Well as most of you know, my son’s father decided that he no longer wanted to be with us and left a few weeks ago. I found out a few lies that happened while we were still together but other than that I really do not know what lead to him leaving and he’s not saying.

A lot of you have said that we should try to work on things and for personal reasons that I can not and will not discuss publically, that will NEVER happen. My son and I will be fine without him and have actually been really well these past few weeks.

My son has had only one or two meltdowns since he father left which is a HUGE improvement compared to the one or two a week he was having previously. He has also slept all night every night since his father left. He has not slept all night in over a year. He has gained 3 new words. He is happy and bubbly and for all of these reasons I believe, actually I know, we will be fine.

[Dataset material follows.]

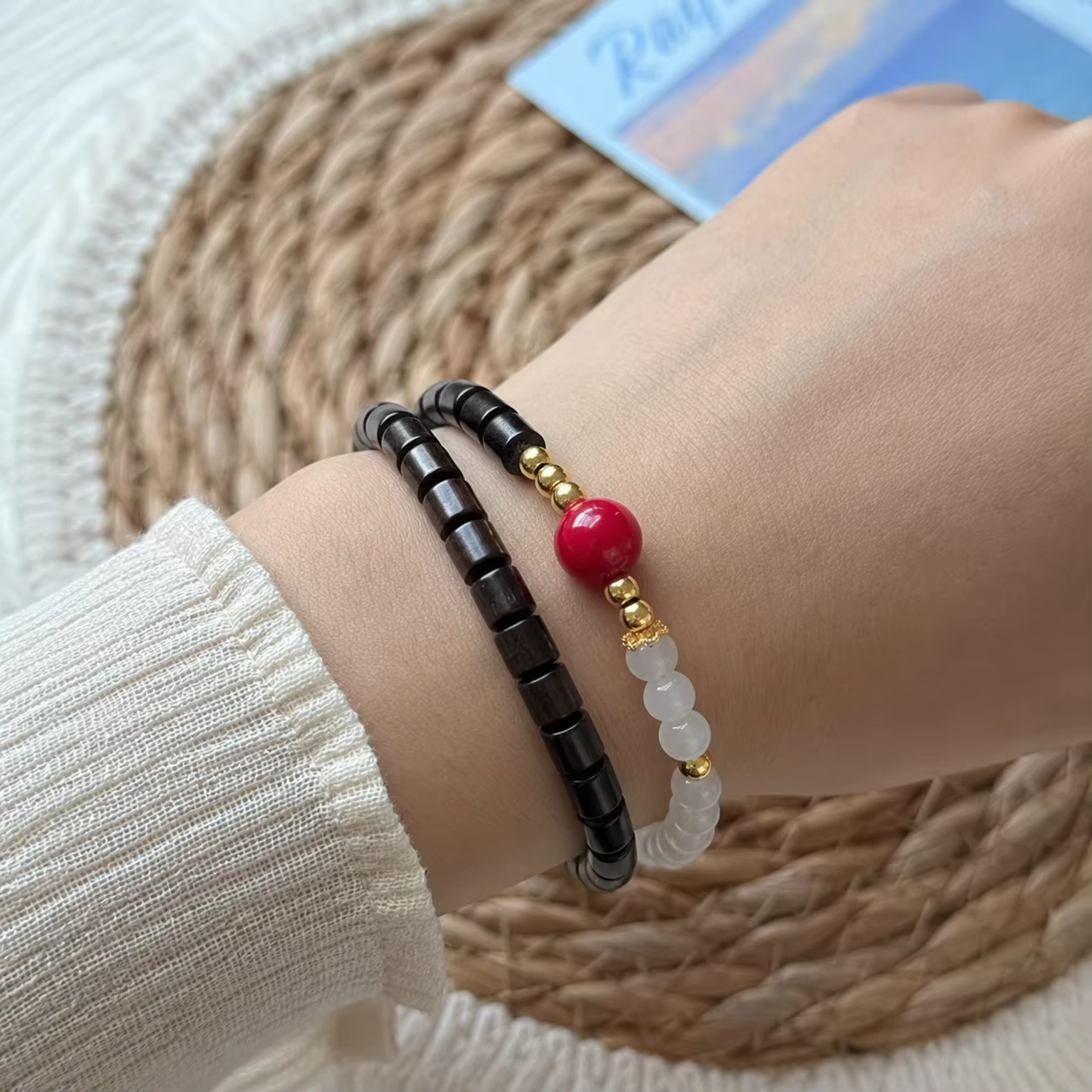 Bracelet double tour en perles de bois pour femmes et hommes, avec perle rouge et breloque dorée, bijou de poignet superposé, style fait main, cadeau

Now that I am single everyone keeps talking to me about dating. Which is something that I don’t think I’m ready to do yet, but when I am ready I will probably be doing online dating.

Now I don’t know about most of you  but some people I know, my mom included, freaked out over that. “You mean meeting strange people you don’t know!???” I’ll explain it to you how I explained it to my mother this afternoon.

With my aspergers it is hard for me to just go up to people and talk to them. Actually even if they initiate the conversation it is still hard for me to talk. I’ve gotten to the point in life where I can actually look at people now instead of staring at my feet, but talking is just still way too awkward for me. I might say the occasionally hey how are you, but other than that, I am at a loss of words. Sometimes I don’t know what to say or sometimes I tend to talk way too much and bore people. So because of this I am usually quiet.

Meeting someone on the internet is easier because I don’t have to think about my tone of voice or if I’m rambling. I don’t have to worry about if I’m looking at them. I get a chance to talk to someone and kind of explain myself before hand to make things less awkward once you met in public.

My mom thinks the internet is full of “strange, weird people”, so I logged on to a dating site and showed her who my matches would be. Guess who the first 4 were? Guys I went to high school with. Weird and strange? Maybe. But not in the sense she is thinking.

So. Tell me how your aspergers affects you socially. Tell me if you’ve ever tried online dating and how it went. And tell me how your lives have been in general.

 

I’ve had a bit of a writer’s block lately but I think I’m finally over that, so prepare to hear from me a lot more!